The quantum generative algorithms pointed out by the reviewer simulate generative models on a Parametrized Quantum Circuit (PQC). These efforts are orthogonal to the efforts in our paper where we develop algorithms to train density operator models agnostic to their implementation on a specific kind of quantum or classical device. Moreover, these existing models cannot train or generate more than 12-dimensional binary bitstrings (please see next question). This clearly shows that SoTA is far from handling real world data; even MNIST size data (which is a 6000+ dimensional binary bitstring) is significantly out of the ball-park.
The primary advantage of our algorithm as compared to existing quantum algorithms is scalability. Our algorithm is able to train 6272-dimensional datasets (a 500x increase in dimensionality) compared to existing algorithms. Hence, we establish the first benchmarks of a quantum algorithm on generating real-world data. We request the reviewer to go through point 4 as well.

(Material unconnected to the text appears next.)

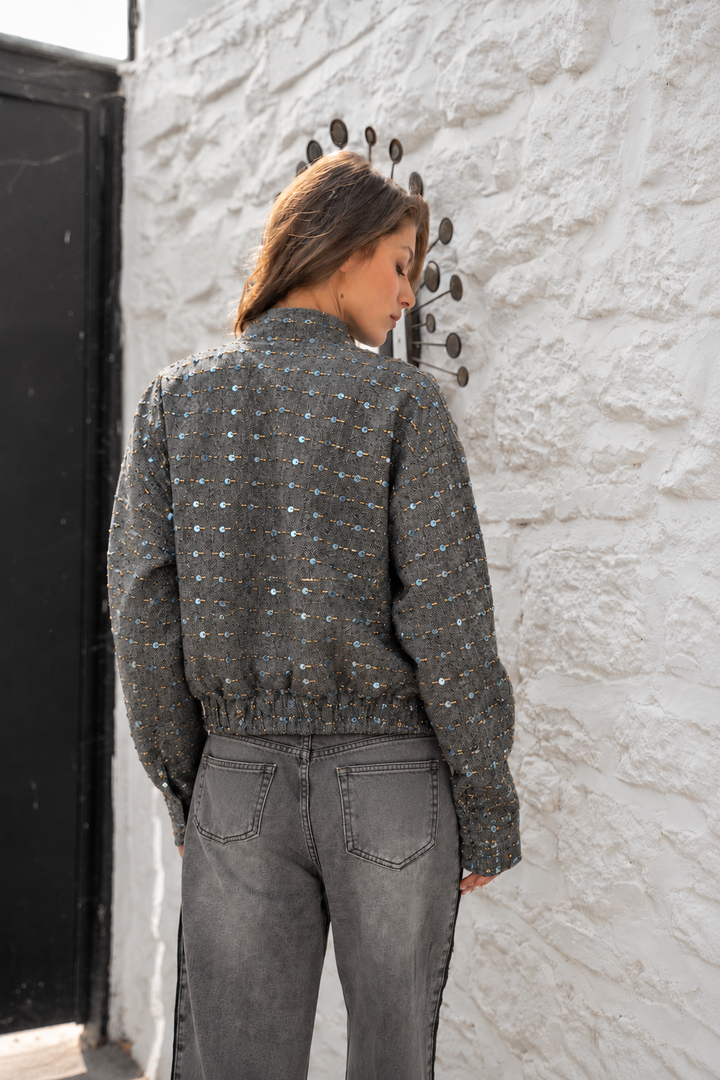 Blouson à sequins Angie 2688-020 - Taille 1: 36-40 / Noir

We now address the weaknesses.
- The paper misses a detailed literature review related to quantum generative modeling algorithms, for example [1,2,3,4], and as well as those classical algorithms for generating quantum data, for example [5,6]. I believe the list is not exhaustive, as this is a fast-growing field. Presenting a clear overview of the literature and explaining in detail the advantages of the proposed algorithm compared to existing ones is essential for readers to understand the contribution and significance of this paper.
Quantum Machine Learning has been broadly used to mean quantumness either in the model or in the data or both. In the references pointed out, the models are defined by a parametrized quantum circuit (PQC), which are known to suffer from training (barren plateaus) and scalability issues (<= 12 qubits; see lines 46-48). The numerics in [1,2,3,4] are respectively demonstrated over 5, 4, 12, and 12 qubits. This work advances a complementary approach using Density Operators. A general framework to learn Density Operators is proposed here, significantly advancing the spirit of Warmuth and Kuzmin Ref. [34]. This work successfully grapples with the quantum challenge of non-commutativity and paves the way for algorithmic advances by deriving the Quantum Evidence Lower Bound (QELBO). We show an unprecedented scale (>6000 qubits) by exploiting the structure in the Hamiltonian.

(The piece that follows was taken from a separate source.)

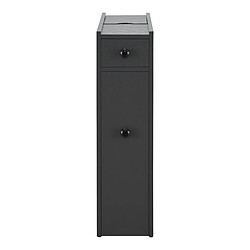 Avis Helloshop26 Meuble bas salle de bain 2 tiroirs gris foncé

The benchmark comparison with an earlier quantum generative model by Amin et al. Ref. [12] is included in Fig 1(a), over a dataset defined over 10 qubits.
- Missing important benchmarks in empirical validation. The experiment section only includes comparison with DBM, while potentially missing other quantum generative modeling algorithms. If these algorithms are not suitable for the task, a paragraph should at least be included to explain the reason.
Please refer to points 3 and 4. We thank the reviewer for the suggestion and shall update our manuscript to clarify the positioning of our work concerning these papers, as pointed out in the previous responses.
- Minor practical relevance. The paper only experiments on MNIST, while the best result only achieves an FID of 20. From a practitioner's perspective, this suggests a highly inferior performance compared to those classical generative modeling algorithms. A clear explanation of why the proposed quantum algorithms should be favored over these classical algorithms should be added to the introduction to better motivate the work. Moreover, if the experiments can be conducted on CIFAR-10 or an extremely downscaled version of ImageNet (e.g., ImageNet-32 or even smaller), the quality of the paper will be greatly enhanced.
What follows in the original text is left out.